Berbeda dengan sistem pendidikan Islam yang memiliki tujuan pada (1) pembentukan Kepribadian Islam; (2) Menguasai pemikiran Islam dengan handal; (3) Menguasai ilmu-ilmu terapan (pengetahuan, ilmu, dan teknologi/PITEK); (4) Memiliki ketrampilan yang tepat guna dan berdaya guna. Sehingga dengan tujuan tersebut, kurikulum dalam Islam tidak akan menyesuaikan kebutuhan industri, seperti yang terjadi saat ini.

Keberadaan swasta pun tak akan dominan. Karena sekolah yang dikelola negara sudah sangat berkualitas dengan biaya yang minim bahkan gratis. Pengalokasian dana yang besar terhadap sektor pendidikan, juga tata kelola pemerintah yang berorientasi pada kemaslahatan umat akan menjadikan sekolah-sekolah negeri merata dalam pembangunannya dan terdepan dalam tekhnologinya. Begitupun jika terjadi wabah atau pandemi, maka negara akan sigap mencari jalan terbaik agar seluruh warga mendapatkan hak pendidikannya.

Selain itu, karena fokus pembangunannya pada kemaslahatan umat. Ketimpangan infrastruktur yang begitu dalam antara perkotaan dan pedesaan tidak akan terjadi. Memang, perbedaan fisik pastilah ada antara kota dan desa. Namun, pemerataan pembangunan yang dimaksud adalah pembangunan yang sesuai dengan kebutuhan. Begitupun teknologi telekomunikasi, jika pandemi ini mengharuskan manusia menjaga jarak. Lalu pembelajaran jarak jauh alias daring harus dilakukan, maka negara dengan sistem Islam akan dengan mudah menyelesaikan persoalan tersebut. karena tidak ada problem ketimpangan antara kota dan desa.

Selain itu, negara dengan sistem Islam (Khilafah) akan mengeluarkan kebijakan yang sejalan dengan misi utamanya saat pandemi. Yakni, menghentikan wabah dan berusaha keras mencari vaksin atau obat untuk menyelamatkan umat manusia. Sehingga pandemi ini akan cepat berakhir dan pendidikan akan kembali normal. Karena fitrahnya proses belajar dalam islam adalah talqian fikrian. Yaitu bertemu langsung dengan sang pemberi ilmu, di sana akan terjadi transfer ilmu dari guru pada muridnya dengan optimal.

Namun sungguh sayang, pandemi terus saja membara di bawah pengurusan sistem kapitalis ini.

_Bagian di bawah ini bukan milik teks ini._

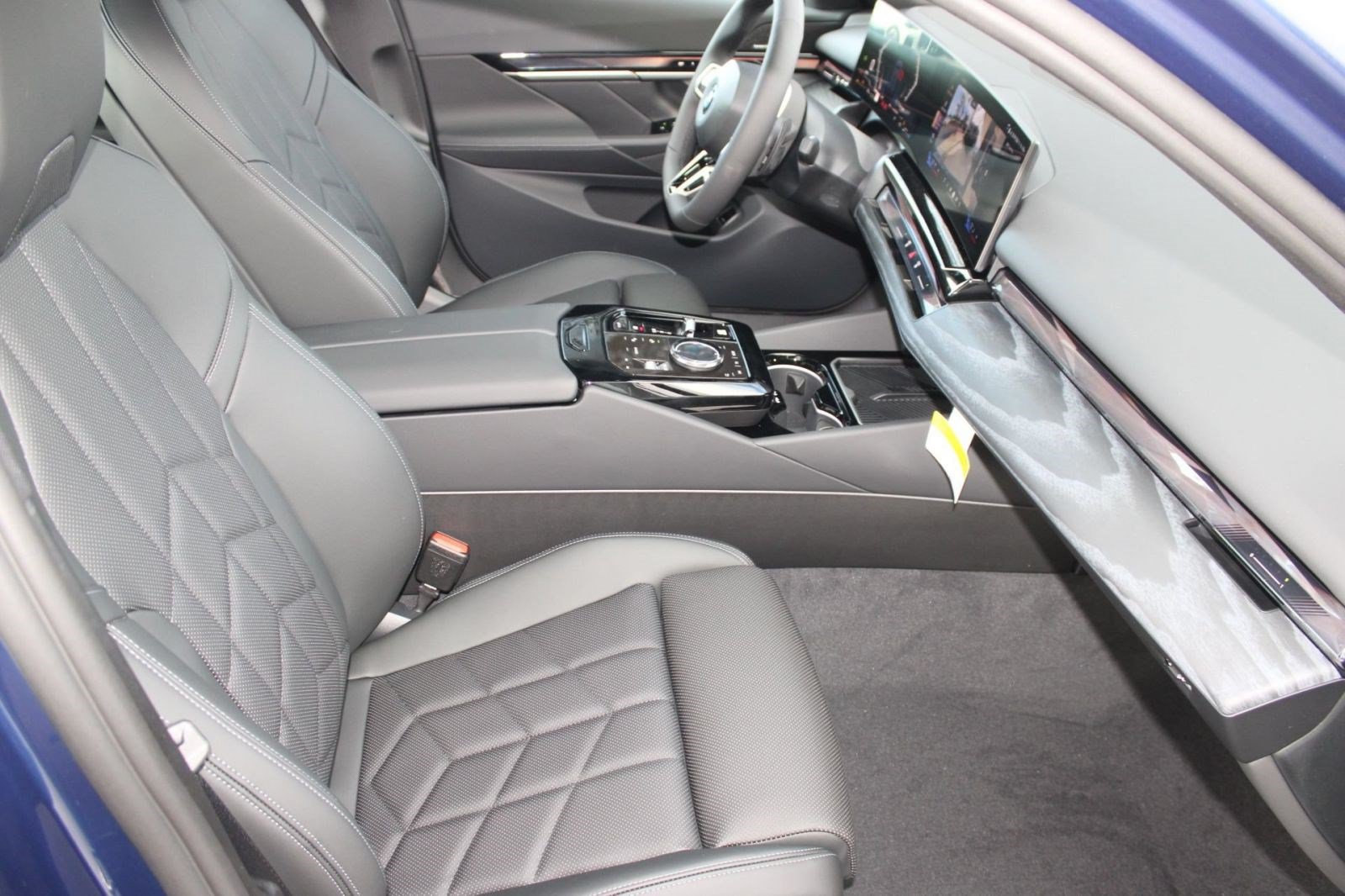 Used 2026 BMW 530i w/ M Sport Package RWD image 26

Malah mencoba berdamai dengan corona. Hasilnya, pembelajaran jarak jauh akan semakin panjang waktunya. Semua ini akan berimbas pada keefektifan proses belajar guru dan murid. Dan pada gilirannya akan menggerus kualitas sumber daya manusia yang dihasilkan. Inilah yang menjadi ancaman masa depan bangsa. 

Sudah saatnya beralih dari sistem pemerintahan yang pro korporasi yaitu sistem pemerintahan kapitalisme di bawah naungan demokrasi menuju sistem pemerintahan Islam, yakni Khilafah yang pro pada umat. Wallahualam bi shawab.